Sering kali, yang dibawa pulang bukanlah kemewahan atau pencapaian besar. Yang dibawa pulang adalah cerita—cerita tentang kerja keras, tentang kegagalan yang tidak pernah benar-benar diceritakan, tentang harapan yang masih terus diperjuangkan. Di meja makan rumah yang sederhana, cerita-cerita itu menemukan tempatnya.

Dalam pandangan kebudayaan, ritus tidak hanya sekadar tindakan yang diulang dari waktu ke waktu. Ia adalah cara masyarakat menjaga hubungan dengan makna yang dianggap penting dalam hidupnya. Antropolog Clifford Geertz menggambarkan kebudayaan sebagai jaringan makna yang ditenun manusia sendiri dan kemudian menjadi ruang tempat ia hidup di dalamnya (Geertz, 1973). Dalam jaringan makna itulah mudik memperoleh tempatnya—sebagai praktik sosial yang menjaga hubungan manusia dengan asal-usulnya.

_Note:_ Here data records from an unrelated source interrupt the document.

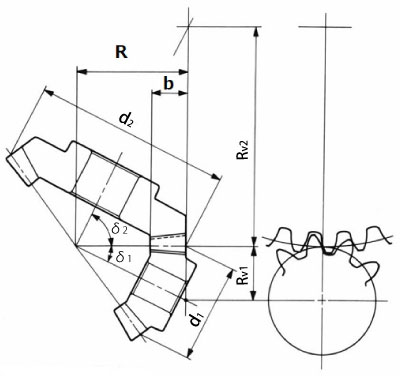 Fig. 4.9 The meshing of bevel gears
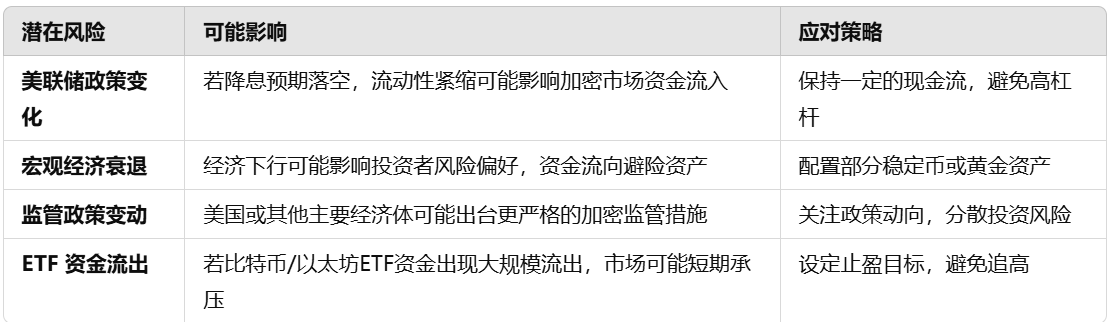 市場宏觀研報:加密ETF機構入場潮來襲,2025行業或將再創新高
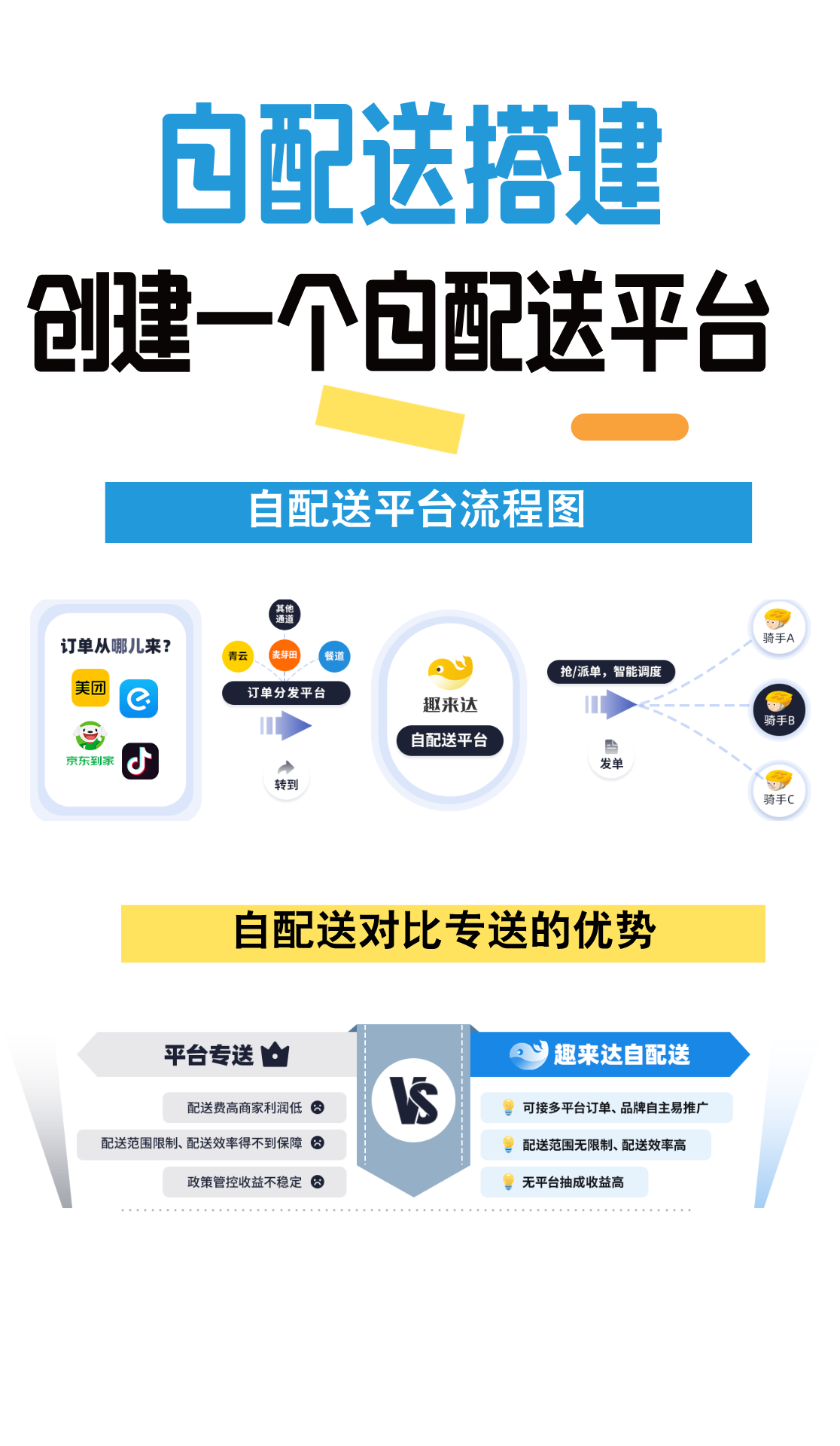 趣来达同城O2O系统，赋能本地生活服务平台升级转型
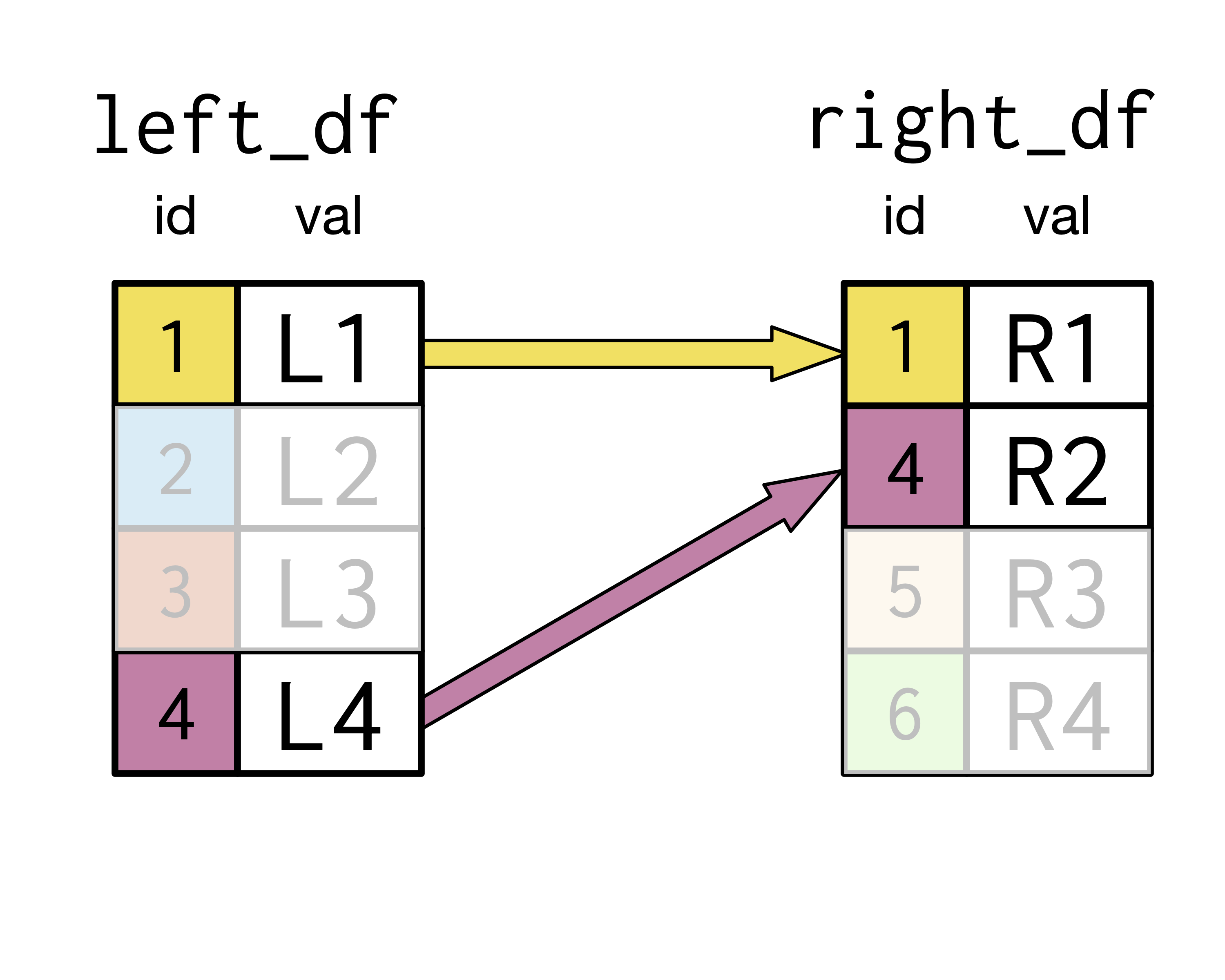 Inner join diagram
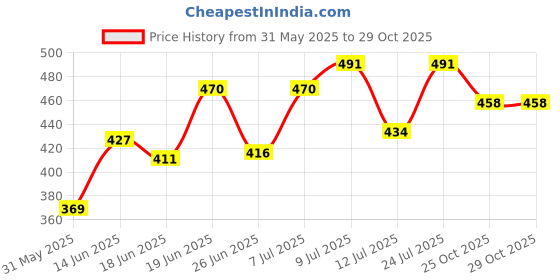 myntra.com DRACKFOOT Men Pack Of 2 Flip Flops drackfoot Price History Graph from 31 May 2025 to 29 Oct 2025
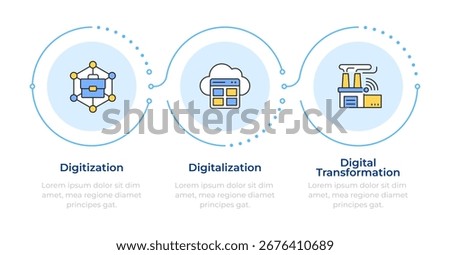 Digital system integration benefits infographic 3 steps. Modern factory, cloud technology. Flow chart infochart. Editable vector info graphics icons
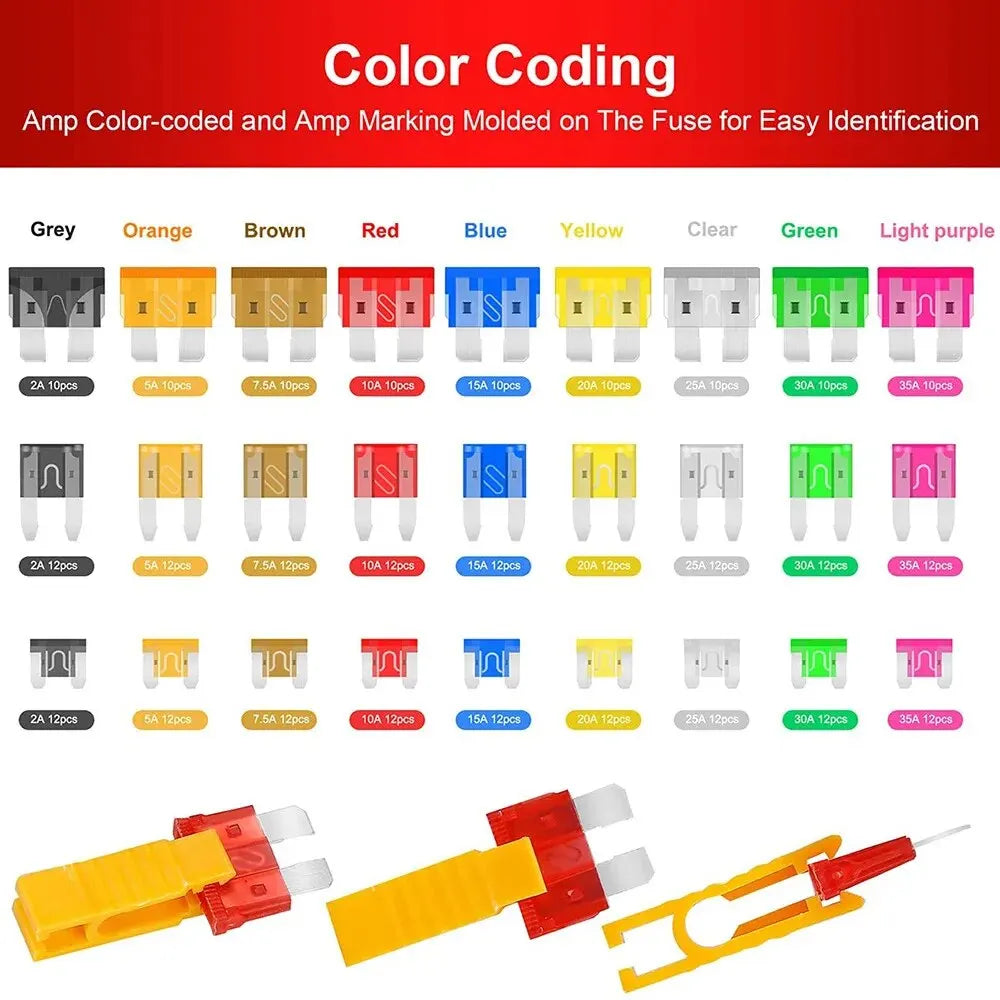 300PCs Fuse Boxed Set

Indonesia sendiri adalah negerinya para perantau. Urbanisasi selama beberapa dekade terakhir telah menggerakkan jutaan orang meninggalkan desa menuju kota. Kota menawarkan pekerjaan, pendidikan, dan kemungkinan hidup yang lebih luas. Ia menjadi ruang tempat banyak orang membangun harapan baru. Namun kota juga membangun jarak yang tidak selalu disadari.

Di kota, manusia hidup dalam ritme yang cukup keras: produktivitas, kompetisi, dan mobilitas yang hampir tak pernah berhenti. Identitas seseorang perlahan dilekatkan pada pekerjaan, jabatan, dan capaian ekonomi. Kita belajar menilai diri sendiri melalui ukuran-ukuran yang sering kali dingin—seberapa cepat kita berhasil, seberapa jauh kita melangkah. Tanpa disadari, kehidupan semacam ini perlahan menjauhkan manusia dari ruang yang dahulu membentuk dirinya.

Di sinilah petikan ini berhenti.